§ What you need to do
Copy the records below exactly, starting at the line that contains "Skies are Blue" and ending at the line that contains "Abito In Lurex E Jacquard Toile Iconographe"; leave out any pictures.

------ Excerpted records ------

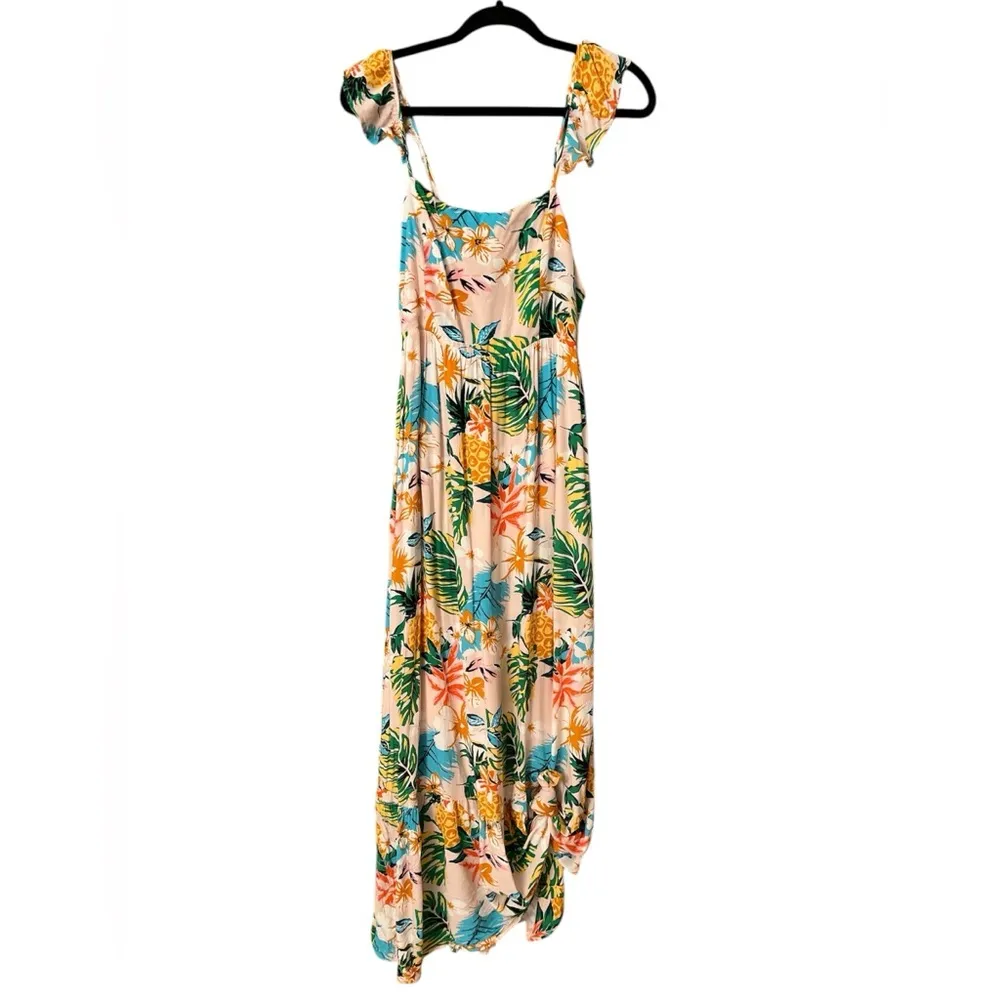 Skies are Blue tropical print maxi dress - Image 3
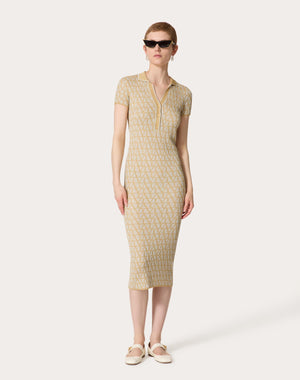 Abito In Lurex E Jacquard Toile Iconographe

------
------ Excerpted records ------

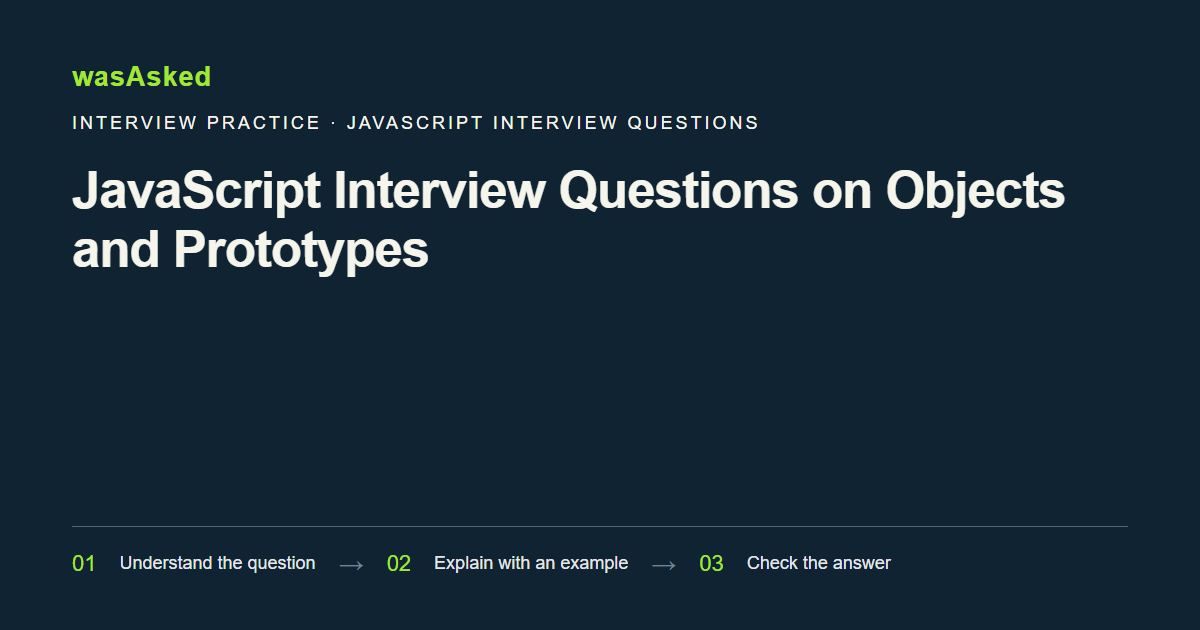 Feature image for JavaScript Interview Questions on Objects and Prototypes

------

§ Response
 Skies are Blue tropical print maxi dress - Image 3
 Abito In Lurex E Jacquard Toile Iconographe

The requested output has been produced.